Léger’s 1934 watercolours “Portrait of Gerald Murphy” and “Portrait of Sara Murphy”
There were gymnastics and yoga, lots of dancing, of course, and cruises on the Murphys’ schooner, the Weatherbird.
Life was so much fun that the Ballets Russes turned the Murphy summer into a musical satire called “Le Train Bleu”, named after the primary transport from Paris to the Cote d’Azur. Cocteau did the scenario, Chanel the costumes and Picasso the backdrop, with women scuttling along a beach.
Picasso must have had a ball. In 1946 he gladly accepted an invitation to set up his studio in the 12th-century Château Grimaldi in Antibes.
But fate conspired against Gerald, and equally against Sara.
In 1929 their youngest child, Patrick, contracted tuberculosis and Gerald set aside his brushes for good to usher the boy among various sanatoriums in New York and Switzerland. In 1935 their son Baoth came down with meningitis and died at 16, and then two years later Patrick left them too.
“Life itself has stepped in now and blundered, scarred and destroyed,” Gerald wrote to Scott Fitzgerald. “In my heart I dreaded the moment when our youth and invention would be attacked in our only vulnerable spot — the children.”
Fitzgerald replied, “The golden bowl is broken indeed, but it was golden.”
On another occasion, referring to “Tender is the Night”, Gerald told Scott, “Only the invented parts of our life had any meaning.”
The Murphys, with their daughter Honoria, were soon permanently back in New York, and Gerald was called upon to revive his family’s leather-goods company, Mark Cross.
They began to sell off parcels of the Dunes estate, then tried to unload the mansion itself. No one had that kind of money in those days, so in 1941 they had it torn down. Sara and Gerald moved into the dairy barn, renovated it and dubbed it Swan Cove. Dos Passos and Robert Benchley used to come to visit. Léger and his companion, Lucia Christofanetti, stayed for a time in one of the guest cottages on the estate.
In 1959 the Murphys built a house they called the Little Hut next to the Dunes’ old servants’ quarters and garage. That’s where Gerald died in in 1964.
Sara and Gerald had other residences. Into the 1960s they lived in a house called Cheer Hall in Sneden’s Landing, New York, by the Hudson River. Their neighbour, Calvin Tomkins, discovered who they were and wrote a profile for the New Yorker entitled “Living well is the best revenge”.

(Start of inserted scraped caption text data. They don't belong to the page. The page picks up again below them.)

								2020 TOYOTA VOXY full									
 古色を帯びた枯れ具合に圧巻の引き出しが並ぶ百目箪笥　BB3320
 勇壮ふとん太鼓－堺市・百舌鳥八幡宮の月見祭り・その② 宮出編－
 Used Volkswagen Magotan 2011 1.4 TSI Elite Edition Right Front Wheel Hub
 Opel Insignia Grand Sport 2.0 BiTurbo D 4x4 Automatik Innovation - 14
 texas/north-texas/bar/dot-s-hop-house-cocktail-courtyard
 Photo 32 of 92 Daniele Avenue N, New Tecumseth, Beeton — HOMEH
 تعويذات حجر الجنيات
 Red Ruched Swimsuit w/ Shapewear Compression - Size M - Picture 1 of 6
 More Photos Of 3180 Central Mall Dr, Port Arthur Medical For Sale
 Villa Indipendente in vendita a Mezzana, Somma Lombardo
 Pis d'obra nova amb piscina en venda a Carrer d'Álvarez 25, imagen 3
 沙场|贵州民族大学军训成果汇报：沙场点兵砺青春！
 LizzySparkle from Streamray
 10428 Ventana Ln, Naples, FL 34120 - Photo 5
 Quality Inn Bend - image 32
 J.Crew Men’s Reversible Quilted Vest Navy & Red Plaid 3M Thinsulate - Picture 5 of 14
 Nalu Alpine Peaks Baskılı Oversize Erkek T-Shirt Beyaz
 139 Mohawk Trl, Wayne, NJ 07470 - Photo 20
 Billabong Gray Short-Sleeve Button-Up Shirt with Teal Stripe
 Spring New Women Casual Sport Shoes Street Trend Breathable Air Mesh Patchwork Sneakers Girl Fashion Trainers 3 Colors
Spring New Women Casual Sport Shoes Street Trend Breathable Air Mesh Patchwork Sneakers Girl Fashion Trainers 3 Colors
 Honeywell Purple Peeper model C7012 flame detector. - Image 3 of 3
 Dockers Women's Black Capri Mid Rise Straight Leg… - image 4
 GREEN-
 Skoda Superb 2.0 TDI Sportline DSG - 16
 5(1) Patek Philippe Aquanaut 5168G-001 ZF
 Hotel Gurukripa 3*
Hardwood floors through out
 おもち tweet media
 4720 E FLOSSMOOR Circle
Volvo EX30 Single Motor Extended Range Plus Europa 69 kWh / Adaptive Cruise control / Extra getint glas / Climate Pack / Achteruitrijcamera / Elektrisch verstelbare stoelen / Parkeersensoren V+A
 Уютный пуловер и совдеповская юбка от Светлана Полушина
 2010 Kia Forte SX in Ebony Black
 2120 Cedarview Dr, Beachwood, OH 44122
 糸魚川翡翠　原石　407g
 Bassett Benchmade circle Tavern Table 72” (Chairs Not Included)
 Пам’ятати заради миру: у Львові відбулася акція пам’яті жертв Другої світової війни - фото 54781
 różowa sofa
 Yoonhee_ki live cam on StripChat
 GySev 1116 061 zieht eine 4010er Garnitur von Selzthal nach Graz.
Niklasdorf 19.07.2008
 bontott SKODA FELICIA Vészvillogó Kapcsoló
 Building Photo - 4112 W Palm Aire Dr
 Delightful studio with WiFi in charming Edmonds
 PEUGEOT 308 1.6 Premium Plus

Shortly before he died Archibald MacLeish donated “Wasp and Pear”, Gerald’s final painting, to the Met.
MacLeish, whose Pulitzer Prize-winning play “JB” was based on the Murphys’ grief at their sons’ deaths, came up with the inscription for Gerald’s gravestone, a quote from “King Lear” — “Ripeness is all.” The words on Sara’s stone are from Thomas Campion: “And she made all of light.”